Hell Fest follows Natalie, a college student who goes with her friends and a potential boyfriend to HellF est, a traveling horror-themed amusement park complete with scary mazes, rides, actors in scary costumes, and grotesque toys. Basically a traveling Disneyland for horror fans, and I so wish that was a real thing so I could go to it! Unfortunately, there’s a masked serial killer in the park, and he sets his sights on Natalie, stalking her around the park. But when everything is meant to scare you, where is the line between what’s for fun and what’s all too real.

So, the story is pretty straightforward for a slasher film of this type. You got a bunch of one-trait characters who are out for a night of fun, there’s a killer out there stalking them. Surprisingly, the level of blood and gore is pretty tame for this sort of movie, and the characters don’t do as much dumb stuff as they might have done if this movie had been made in the 80s or 90s. My favorite character had to have been Taylor, played by the incomparable Bex Taylor-Klaus of the Scream TV series (if there’s a horror movie with her in it, there’s a good chance I will see it). Taylor was pretty much an exaggerated, female version of me: horror-obsessed, very funny, plenty of social awkwardness to go around. I honestly would love to hang out with this character.

The best thing with this movie is definitely the costumes. Not just the killer’s mask, which is effective in a minimalist way, but the costumes of Hell Fest’s “actors:” the people hired to wear creepy costumes and go around scaring people. You could see how much work they put into each individual outfit to make them scary, or barf out slime, or whatever floats your fancy. They must have had costumers who worked in actual haunted attractions work for this movie, they’re that good.

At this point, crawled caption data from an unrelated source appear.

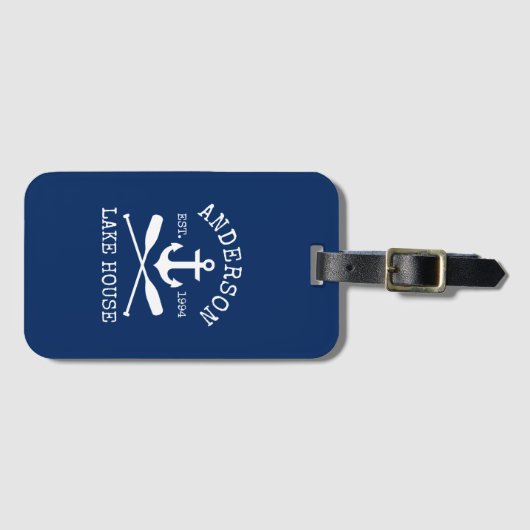 Nautical Anchor Oars Navy Blue Family Lake House Bagagelabel (Voorkant (horizontaal))
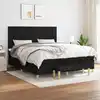 Image de vidaXL Sommier à lattes de lit avec matelas Noir 180x200 cm Tissu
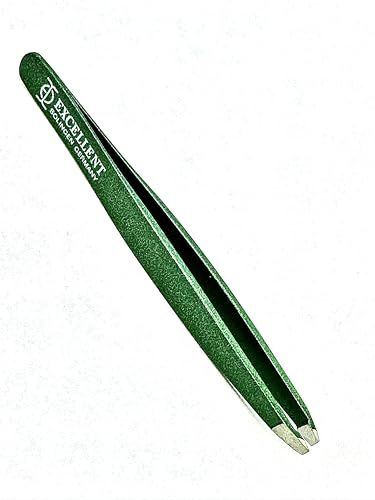 Pinzas de depilar cejas Excellent de Acero Inoxidable de 9 cms, Fabricadas en Alemania, punta recta, color verde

Sadly, Hell Fest does have a few problems. For one thing, while the sets are creative and do look like they belong to an actual horror Disneyland called Hell Fest, they don’t seem to take it far enough. When you hear Hell Fest, you think something like the Nine Circles of Hell out of Dante’s Inferno, mixed with every Gothic story ever and every season of American Horror Story ramped up to eleven. The sets should make fear leap off the screen, and there’s none of this. Most of the mazes do look rather creepy, but others just have too much neon and not enough scary stuff. The Hell-themed maze in particular was disappointing, as it’s supposed to be “the scariest maze in the park.” And in-between the mazes, you might as well just be in a state fairground or at a national park trail done up for October.

I don’t know, maybe it’s the fact that it’s on a screen and I’m not there in person that’s the problem, but it’s not what I’d expect of a movie called Hell Fest.

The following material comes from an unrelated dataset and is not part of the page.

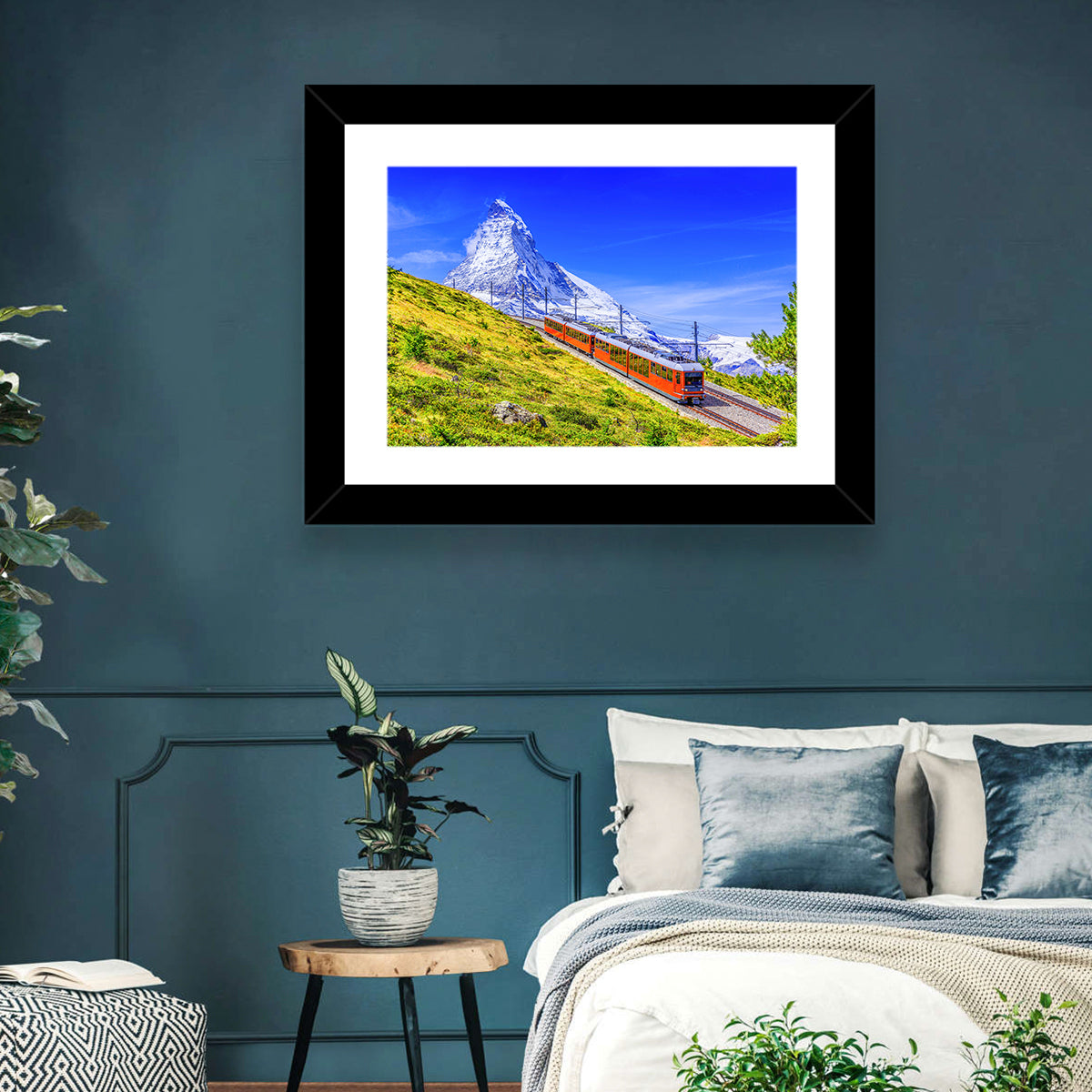 Gornergrat Train and Matterhorn Wall Art in a room, landscape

Another issue is that for the first third of the film, it’s just not that scary. Even once you get to Hell Fest, it’s more colorful than terrifying. After the first maze or so, a horror movie atmosphere does crop up, complete with tense sequences and a few decent jump scares, but it’s not as strong as it could be. And in a film about a horror theme park, that’s just not good enough.

On a scale of 1 to 5, I’m giving Hell Fest a 3 out of 5. It’s a movie that works on paper, and it has colorful costumes and a few good sets, but leaves much to be desired.

Still, I’d take Hell Fest over the Friday the 13th remake any day. At least it remembered to be a horror film, rather than a raunchy comedy that Jason happened to stumble into. That’s right, I found a way to trash that shit film out of Michael Bay’s ass again! And I won’t stop until I either get a better or a worse Friday the 13th film.